In computer operating systems, demand paging is an application of virtual memory. In a system that uses demand paging, the operating system copies a disk page into physical memory only if an attempt is made to access it (i.e., if a page fault occurs). It follows that a process begins execution with none of its pages in physical memory, and many page faults will occur until most of a process's working set of pages is located in physical memory. This is an example of lazy loading techniques.
Demand paging, as opposed to loading all pages immediately:
Does not load the pages that are never accessed, so saves the memory for other programs and increases the degree of multiprogramming.
Less loading latency at the program startup.

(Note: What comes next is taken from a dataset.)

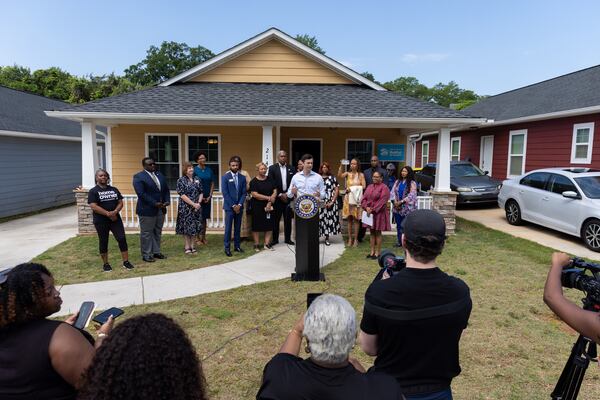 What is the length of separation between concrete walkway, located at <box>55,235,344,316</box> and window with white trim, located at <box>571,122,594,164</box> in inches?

Less of initial disk overhead because of fewer page reads.
Does not need extra hardware support than what paging needs, since protection fault can be used to get page fault.
Advantages over non-virtual memory systems:
Pages will be shared by multiple programs until they are modified by one of them, so a technique called copy on write will be used to save more resources.
Ability to run large programs on the machine, even though it does not have sufficient memory to run the program. This method is easier for a programmer than an old manual overlays.
Individual programs face extra latency when they access a page for the first time. So prepaging, a method of remembering which pages a process used when it last executed and preloading a few of them, is used to improve performance.
Programs running on low-cost, low-power embedded systems may not have a memory management unit that supports page replacement.
Memory management with page replacement algorithms becomes slightly more complex.